In the Yazidi myth of creation, Tawûsî Melek refused to bow before Adam, the first human, when God ordered the Seven Angels to do so. The command was actually a test, meant to determine which of these angels was most loyal to God by not prostrating themselves to someone other than their creator. This belief has been linked by some people to the Islamic mythological narrative on Iblis, who also refused to prostrate to Adam, despite God's express command to do so.
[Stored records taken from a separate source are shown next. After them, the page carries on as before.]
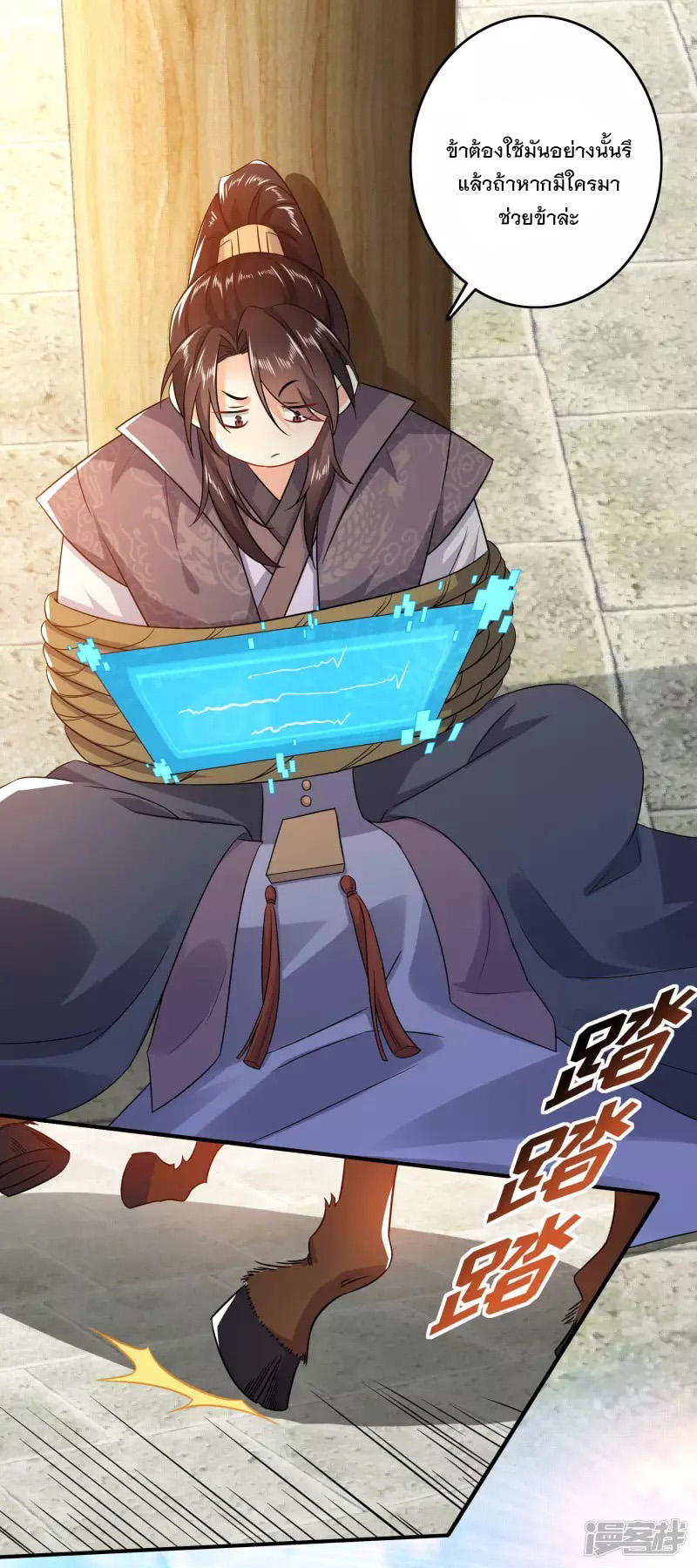 ลูกเขยที่แข็งแกร่งที่สุดในประวัติศาสตร์ ตอนที่ 8 หน้า 4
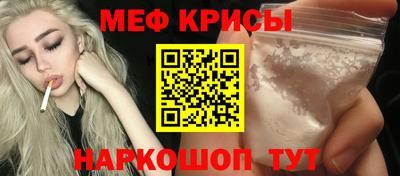 круглые Донской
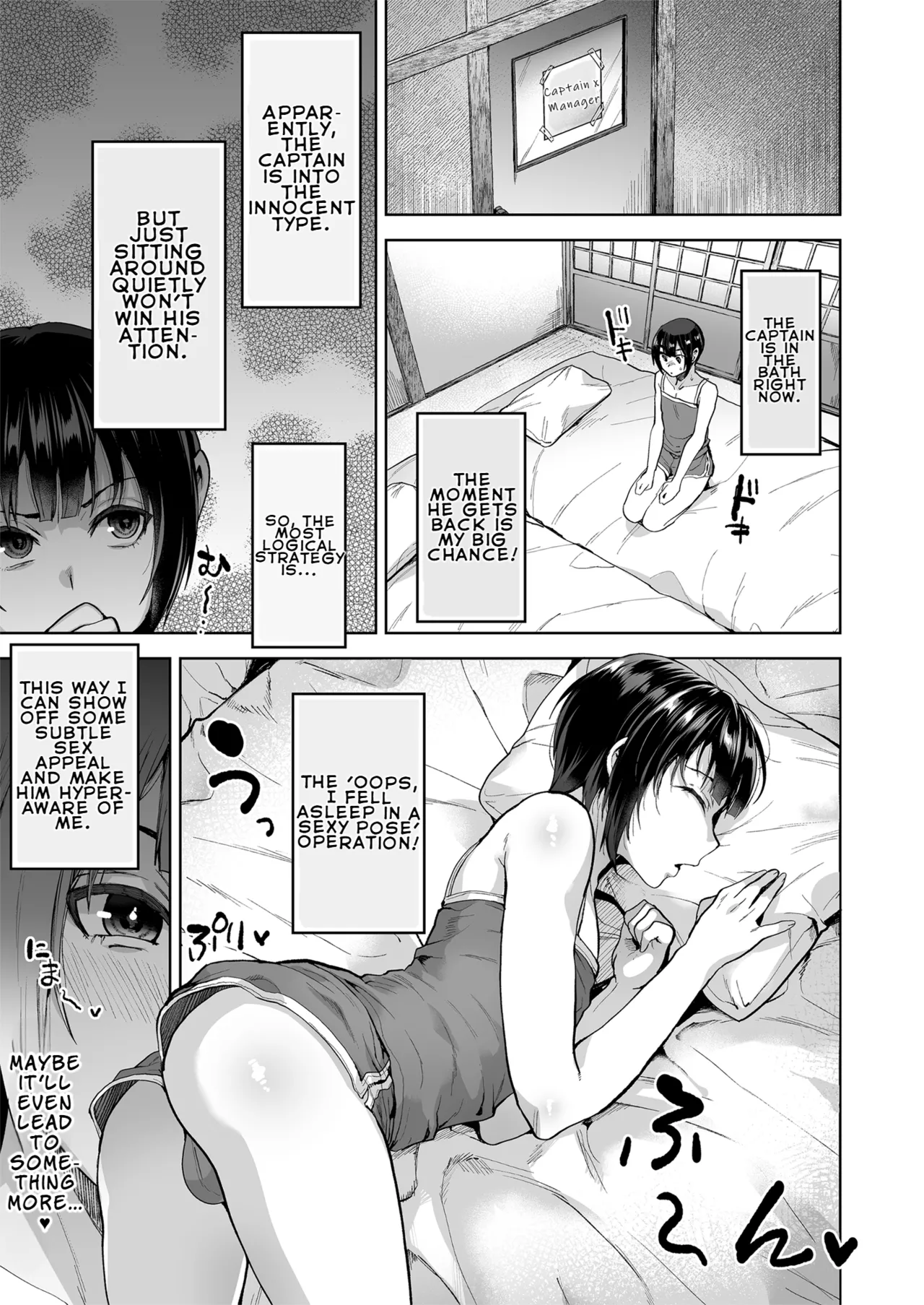 Natsu, Gasshuku, Koi, Mesuochi. | Summer, Training Camp, Love, Female Submission. page 6 full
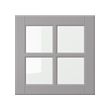 BODBYN - 玻璃門板, 灰色, 40x40 公分 | IKEA 線上購物 - PE703538_S2 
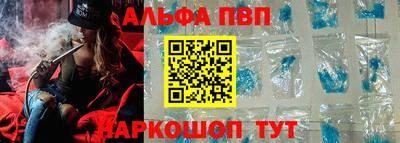 jwh Мариинск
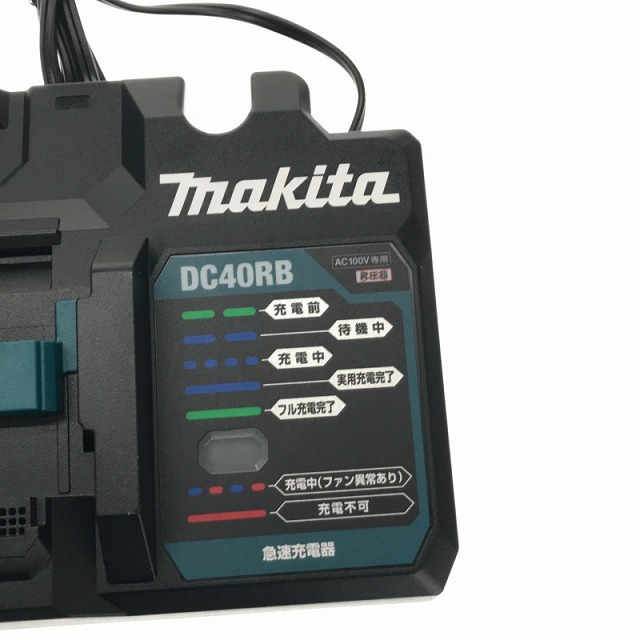 ☆未使用品☆ makita マキタ 40Vmax パワーソースキット XGT6 バッテリー2個(BL4050F) 充電器(DC40RB) A-72039 68689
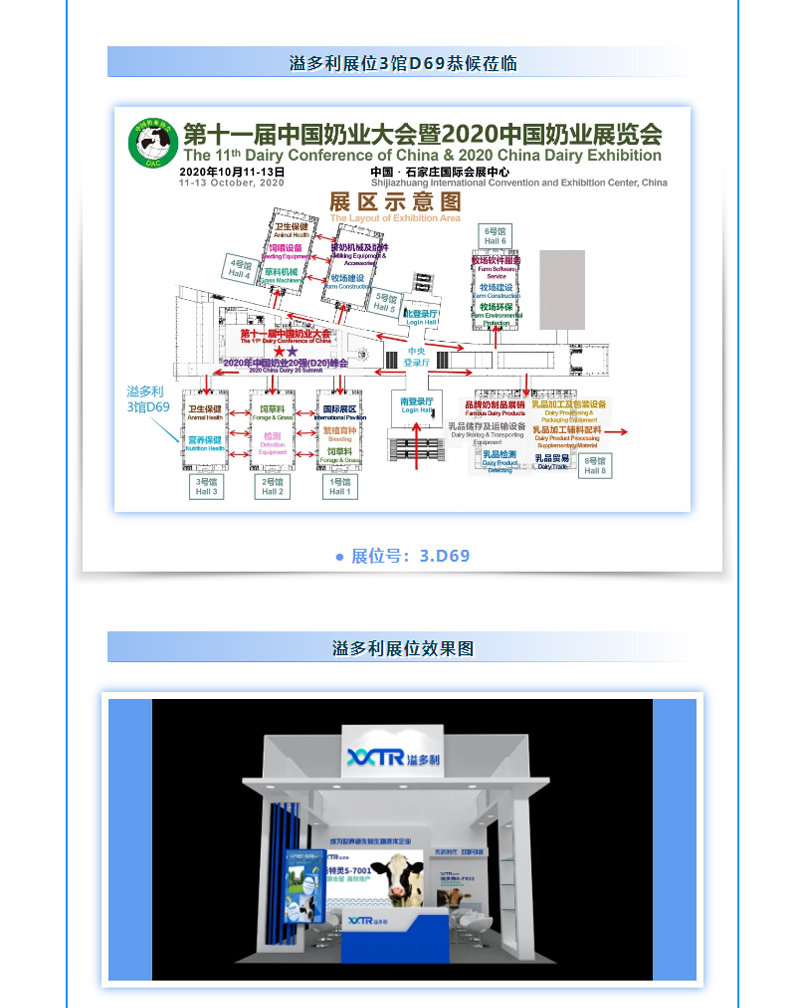 溢多利邀請函_-2020中國奶業(yè)大會_02.jpg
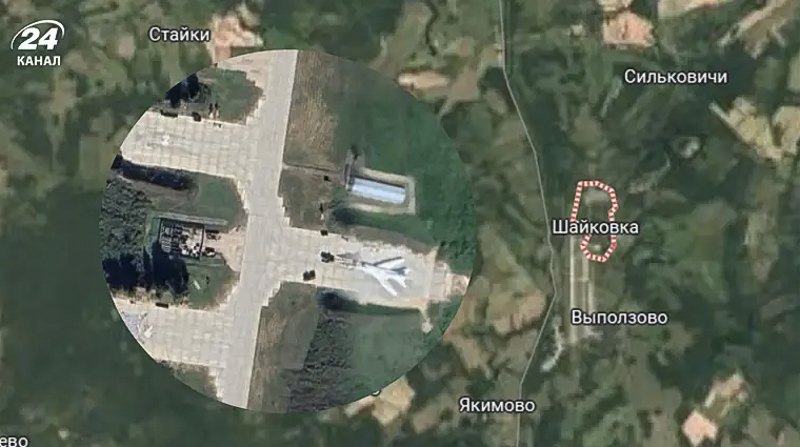 31 березня дрони атакували російський аеродром «Шайковка», де базуються Ту-22М3. Знищили технічне приміщення для обслуговування ракет, пошкодили інші споруди та знищили частину ракет.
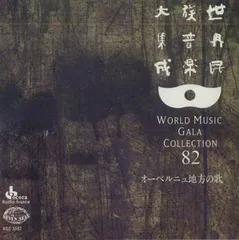 音と映像による世界民族音楽大系第15巻オセアニア
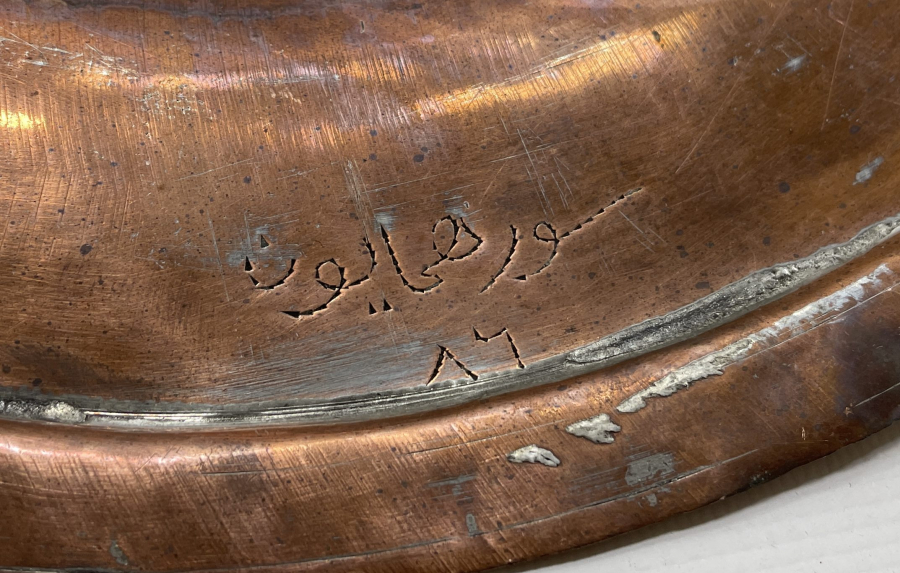 OSMANLI DÖNEMİ ÇOK NADİR SARAY İŞİ ŞEHZADE SÜNNETLİĞİ - SÜR-İ HÜMAYUN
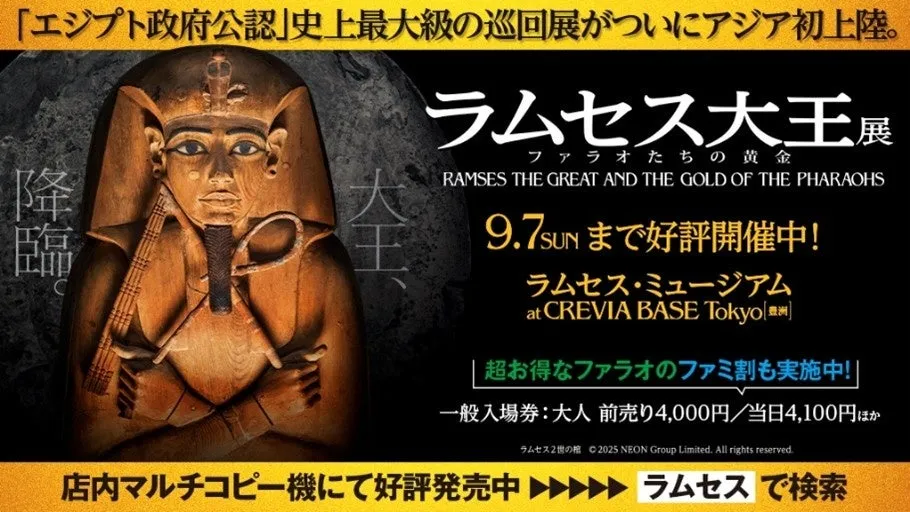 エジプトの黄金時代を体験できる『ラムセス大王展』が開催中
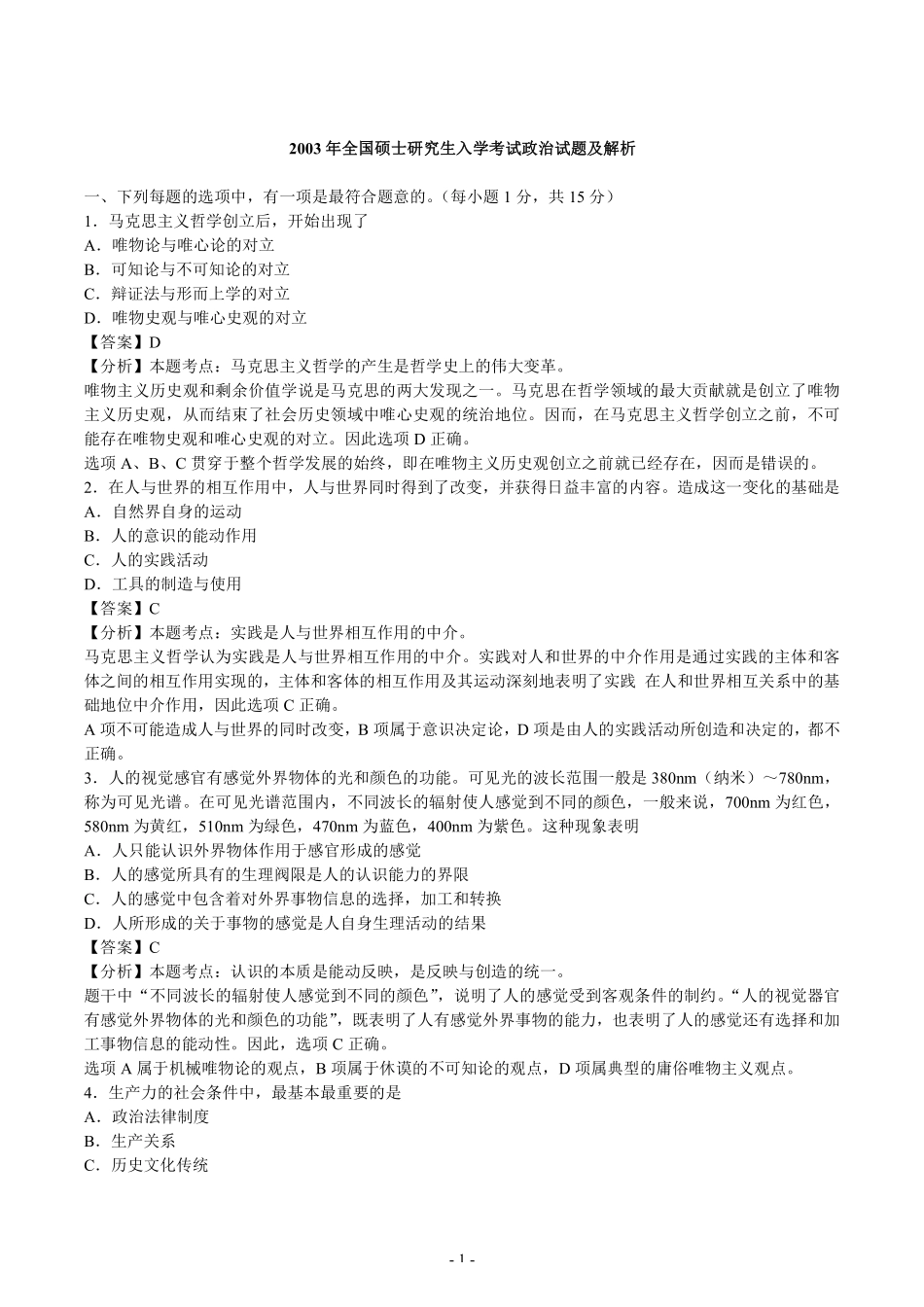 【全国硕士研究生入学统一考试政治】2003年考研政治真题答案解析.pdf_第1页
Because of this similarity to the Islamic tradition of Iblis, Muslims and followers of other Abrahamic religions have erroneously associated and identified the Peacock Angel with their own conception of the unredeemed evil spirit Satan, a misconception which has incited centuries of violent religious persecution of the Yazidis as "devil-worshippers". Persecution of Yazidis has continued in their home communities within the borders of modern Iraq.

Since the late 16th century, Muslims have accused Yazidis of devil-worship due to the similarity between the Islamic mythological narrative on Iblis and the account of Tawûsî Melek's refusal to bow to Adam. Whereas Muslims revile Iblis for refusing to submit to God and bow to Adam, believing that his defiance caused him to fall from God's grace, Yazidis revere Tawûsî Melek for loyalty towards God and believe that God's command to Tawûsî Melek was a test to see who is truly devoted to God alone. This narrative led to many misinterpretations, also made by Western scholars, who interpreted the Yazidi faith through their own cultural influences. Further accusations derived from narratives attributed to Melek Taûs, which are actually foreign to Yazidism, probably introduced by either Muslims in the 9th century or Christian missionaries in the 20th century. Accusations of devil-worship fueled centuries of violent religious persecution, which have led Yazidi communities to concentrate in remote mountainous regions of northwestern Iraq. The Yazidi taboo against the Arabic word Shaitan (الشیطان) and on words containing the consonants š (sh) and t/ṭ have been used to suggest a connection between Tawûsî Melek and Iblis, although no evidence exists to suggest that Yazidis worship Tawûsî Melek as the same figure.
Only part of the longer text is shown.